Panellists at a University of Cape Town Graduate School of Business discussion this week said while economic transformation in South Africa was long overdue, radical economic transformation needed to be clearly defined.
Senior lecturer Sean Gossel said the debate on radical economic transformation had been simmering for some time amid general public unhappiness with the government’s performance since 1994.
The term was therefore neither surprising nor a sudden development.
He warned the country risked losing the debate by emphasising radical economic transformation over radical economic growth.
“You cannot have radical economic transformation unless you have radical economic growth,” Gossel said. “The one is an outcome of the other. You cannot redistribute what isn’t there,” he said.
The concept of radical economic transformation has dominated public discourse in recent months.
But some of the panellists claimed the concept was an outcome of government policy failures which had left most people on the margins of the mainstream economy.
Black Management Forum president Mncane Mthunzi said the new debate was a result of a country which had been offered reformation instead of transformation.
Mthunzi said transformation would not happen without pain and businesses and institutions had to be more willing to change and give more black people access to the main- stream economy.
“It’s a very painful process that needs to take place... businesses and institutions have been coming with a minimalist approach as far as transformation is concerned,” he said. “Self-regulation has not helped. No wonder you hear the noise and militancy in the ruling party with regards to radical economic transformation.”
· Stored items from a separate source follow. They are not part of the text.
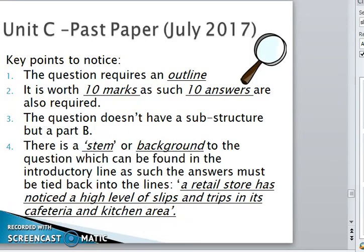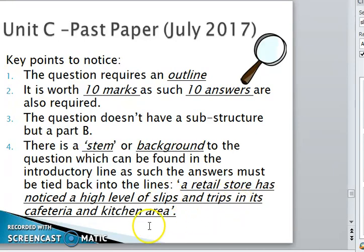The retail store has noticed a high level of slips and trips in its cafeteria and kitchen area. The stem of this question is the retail store setting, with the high number of slips and trips taking place specifically in the cafeteria and the kitchen area. Press pause now if you want to have a go at this question.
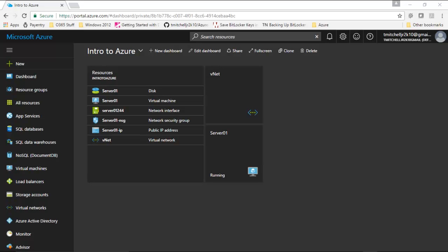Welcome back. In the next few lectures of this course, we are going to walk through the process of deploying a couple of different resources via PowerShell. We are going to deploy a virtual machine and we are going to deploy a network.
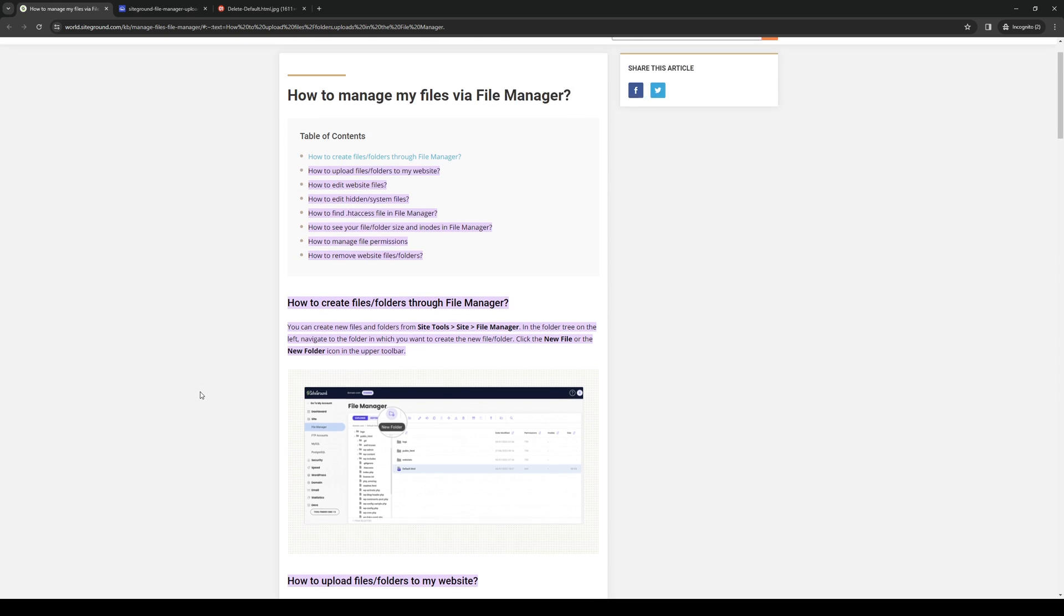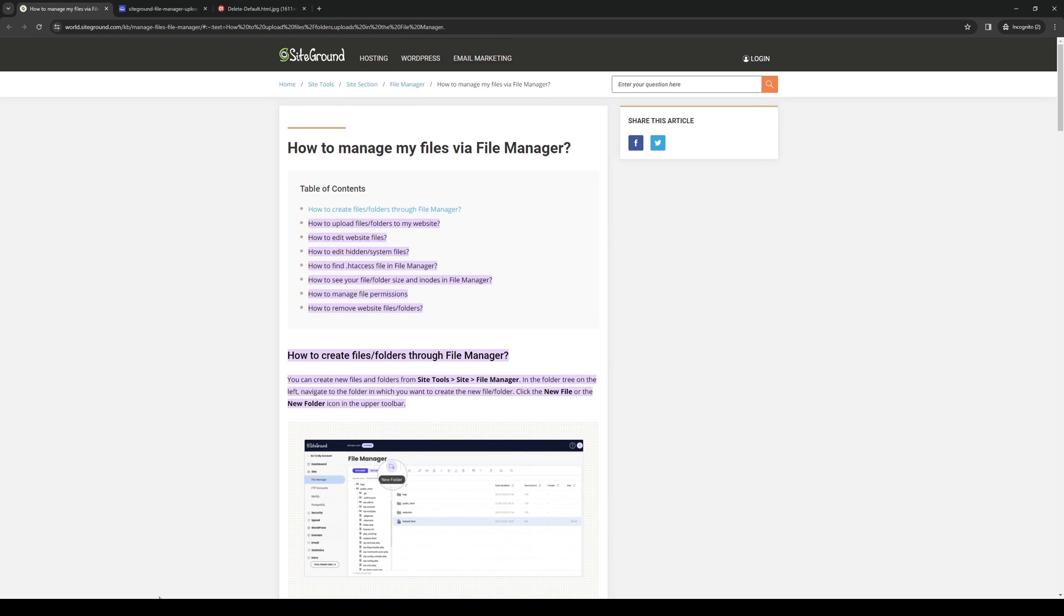How's it going everyone and welcome back to the channel. So in today's video I'll be teaching you guys how to properly upload files to your SiteGround domain. So without further ado, let's get started.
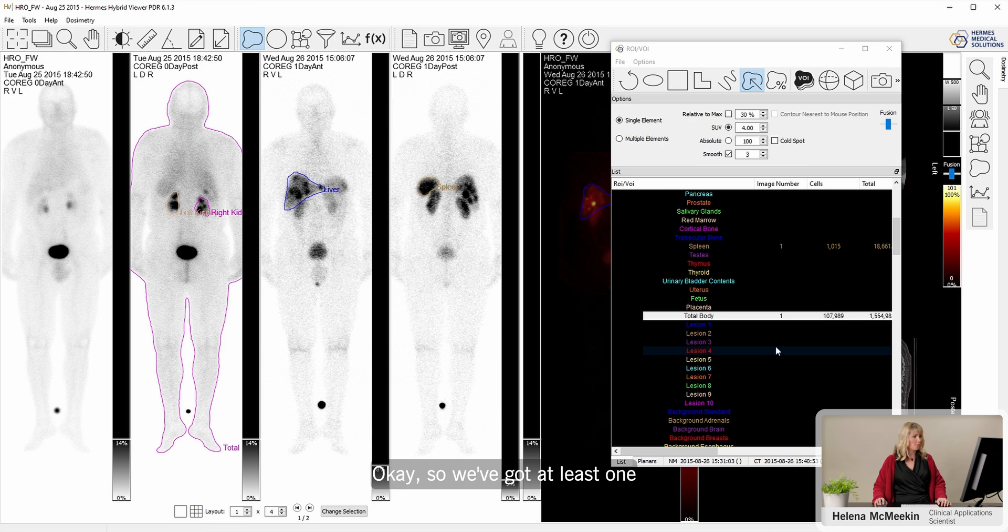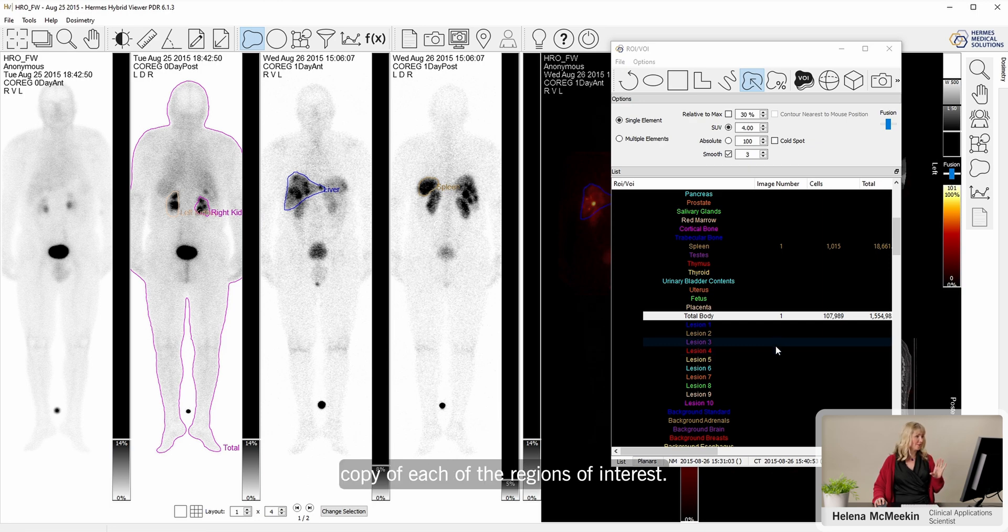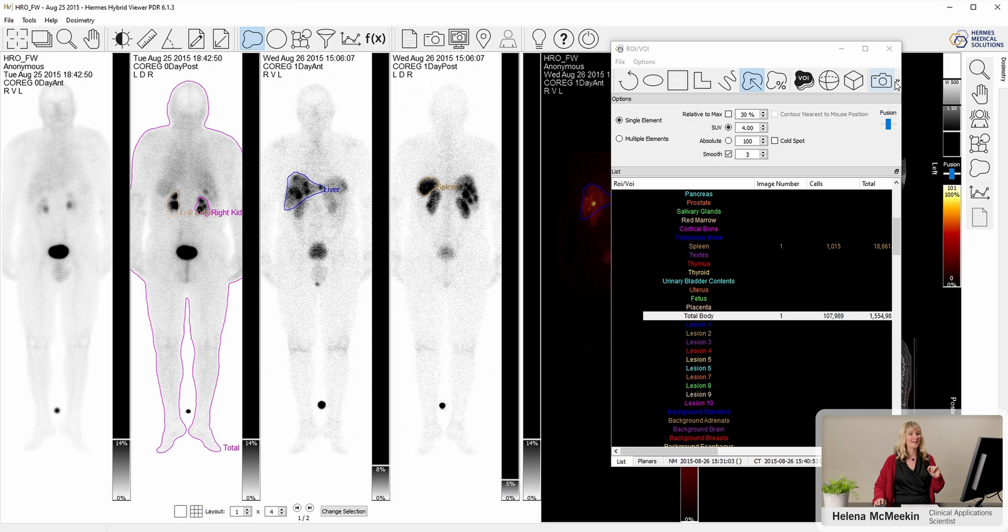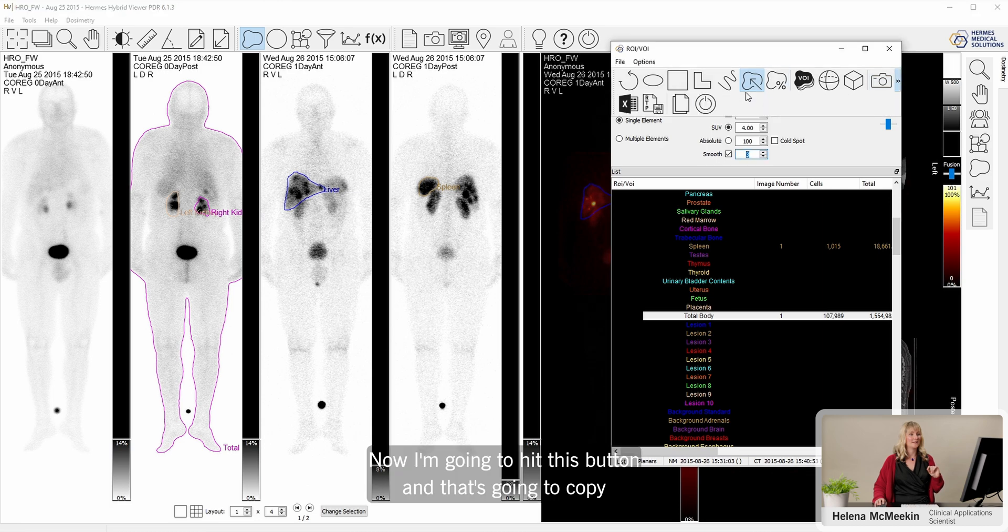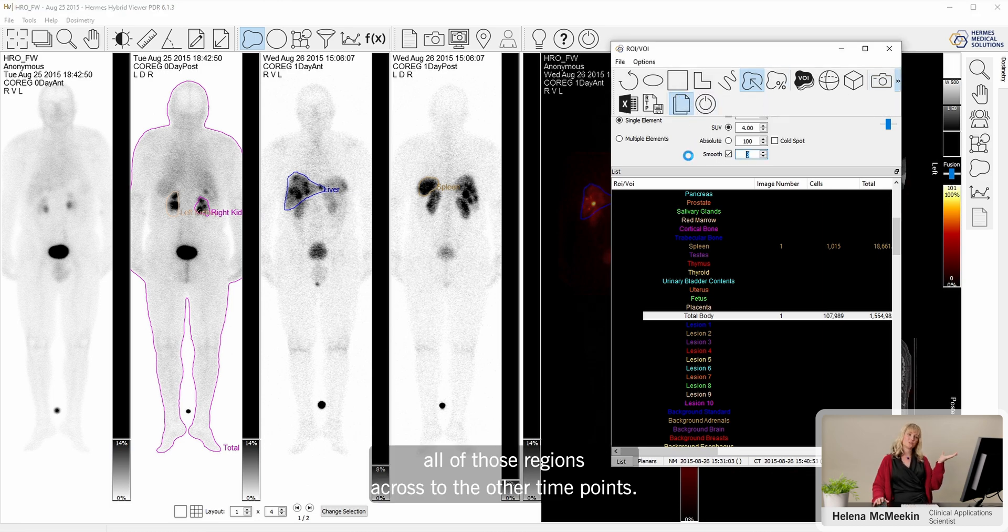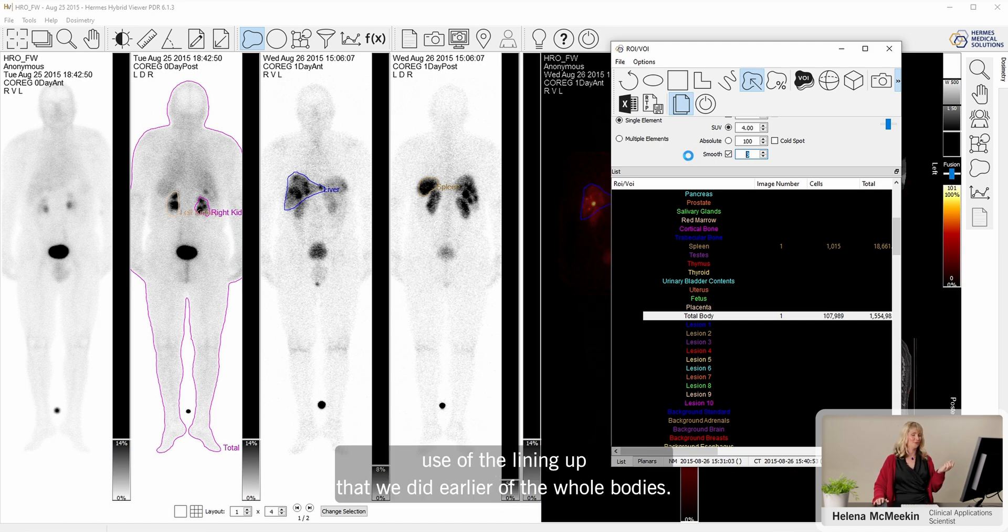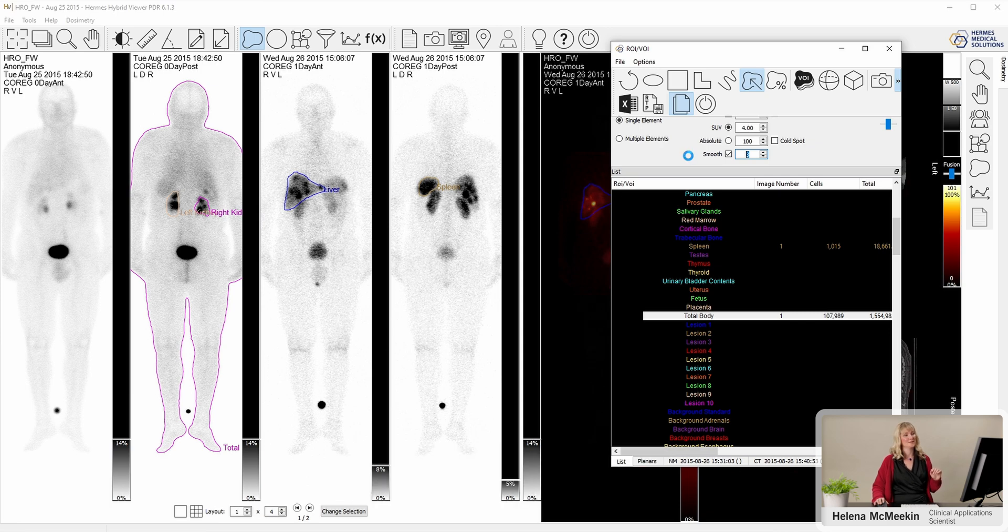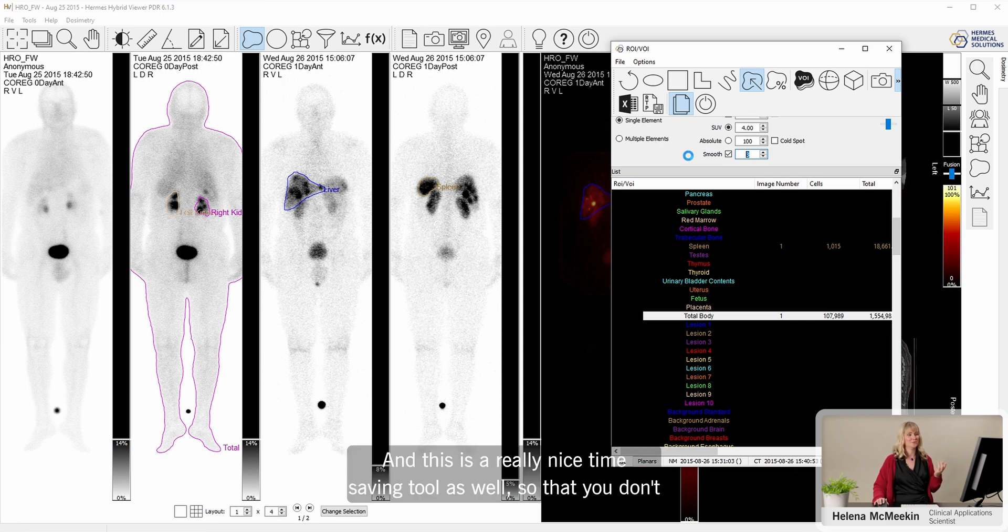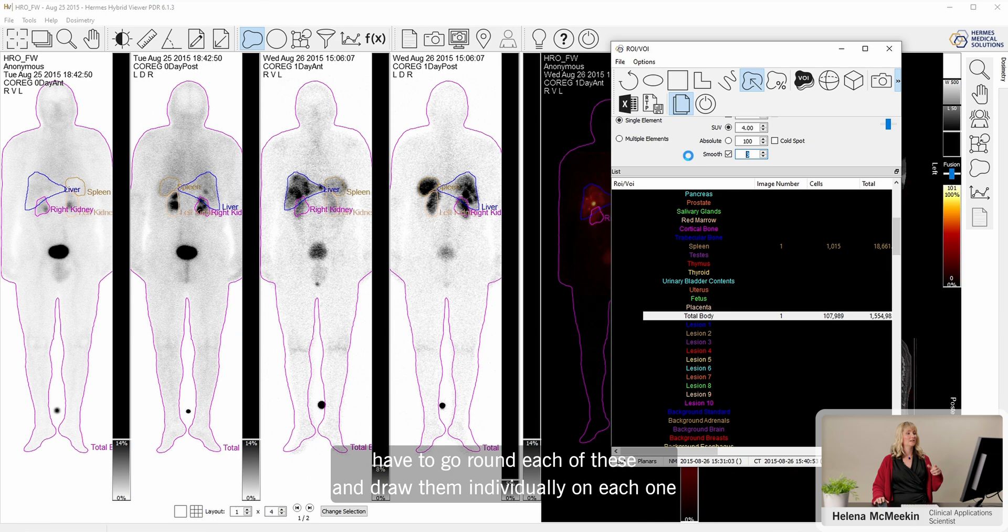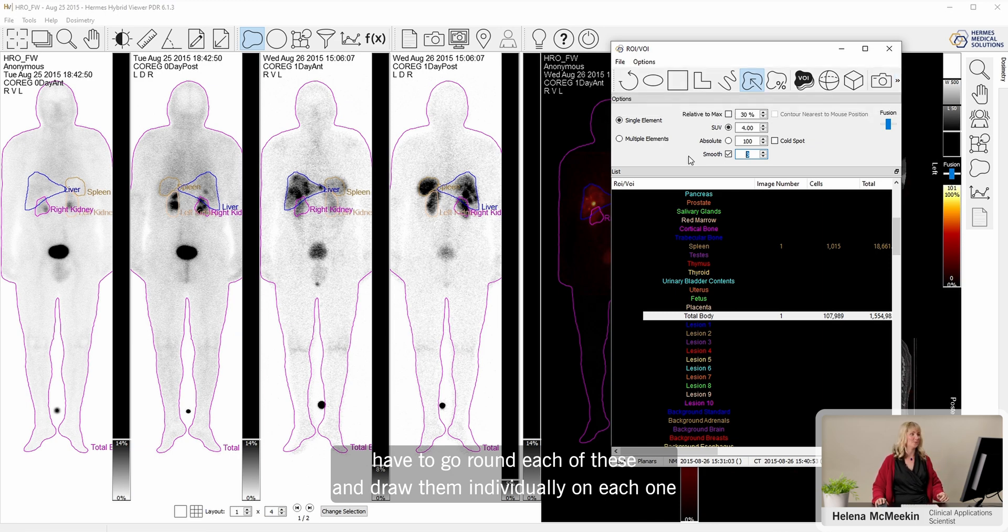So we've got at least one copy of each of the regions of interest. Now I'm going to hit this button, and that's going to copy all of those regions across to the other time points. This is where we make use of the lining up that we did earlier of the whole bodies. This is a really nice time-saving tool so that you don't have to go around each of these and draw them individually on each one.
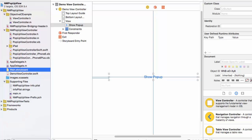I'm now back in Xcode looking at the main storyboard which we looked at a few moments ago. The show pop-up button is the button which will display the pop-up window.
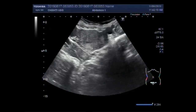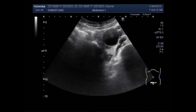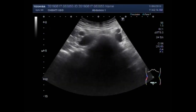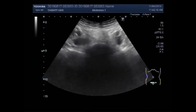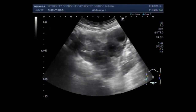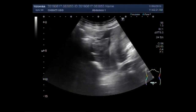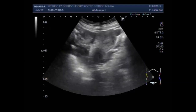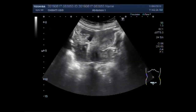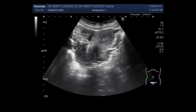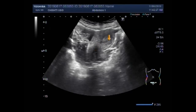Dear viewers, I hope you are all fine. This ultrasound video shows multiple types of ovarian cysts in the same patient. Now you can see the uterus — it is anteverted, it looks bulky and inflamed.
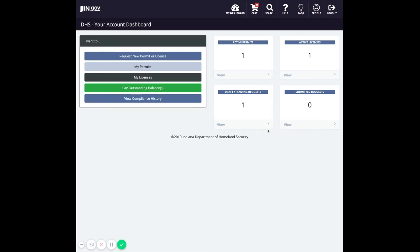Starting from your dashboard, if you would like to see licenses that you have associated to your account which are expiring soon or already expired, click the My Licenses link in the left menu.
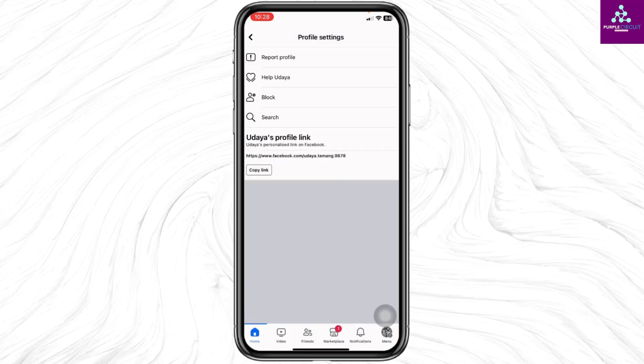Now you have to continuously report this Facebook profile through different Facebook accounts. That way the account will be deleted. Once the Facebook account you want to delete gets a maximum number of reports, it will be deleted.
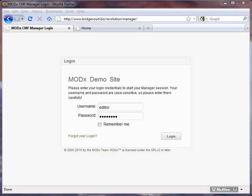This is an overview of the website system that your website is running on. We use a content management system called MODX. It's one of the most flexible systems available and it's very easy to use. We're going to show you in the next series of tutorials how to manage your website using this system.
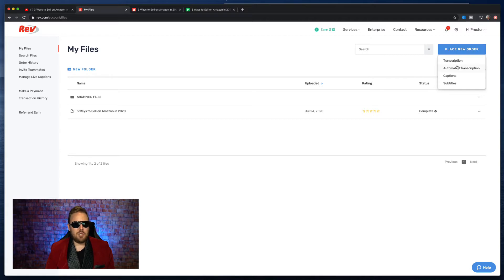You hit place new order — you want the automated transcription. And why is that important? A traditional transcription is going to cost you over $1 per minute of video. With the automated transcription, you get to pay a fraction of that, because it's a machine algorithm — it's AI — that is going to automatically look at your video.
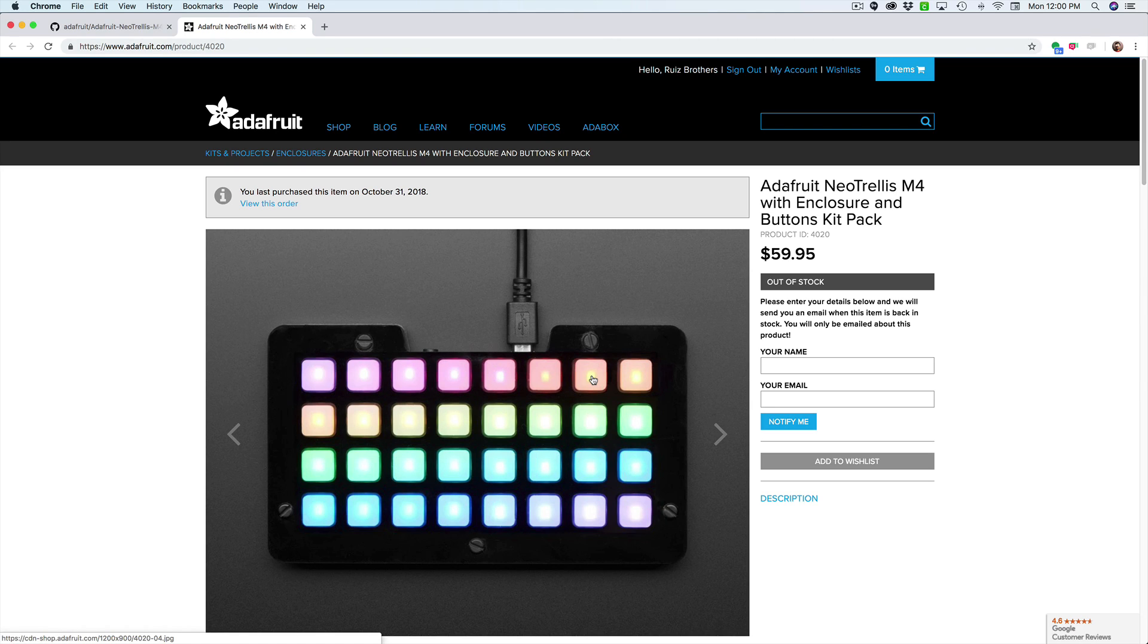Hey what's up everybody and welcome back to another Layer by Layer. In this tutorial I wanted to make a 3D printed flexible bumper for the Adafruit Neo Trellis M4.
Mthunzi argued land ownership remained skewed in favour of the white minority, black representation in JSE-listed companies was low, and the household income gap between black and white families continued to widen.
“No one has defined this radical economic transformation. It’s political talk. It’s just rhetoric, you cannot touch it... we do not know when it will explode, but it will explode in our faces,” he said.
“In my view reformation is pretty much like a chameleon, it changes colours depending on the environment... it’s not transformation. “Transformation in my view is like a metamorphosis... by its very nature the outcome of transformation ought to be different prior to the implementation of that transformation.”
Gossel said South Africa needed to go back to the drawing board and address fundamental structural limitations in the economy that hampered economic growth.
He said the country needed to find ways to ensure growth would be spread across classes, races and the disadvantaged.
“You cannot have transformation in a shrinking economy, that’s just received junk status... as bad as these (economic growth) statistics are I actually suspect it will get worse and therefore the political rhetoric will get ramped up... it isn’t about the economy... no one is talking about economic growth.”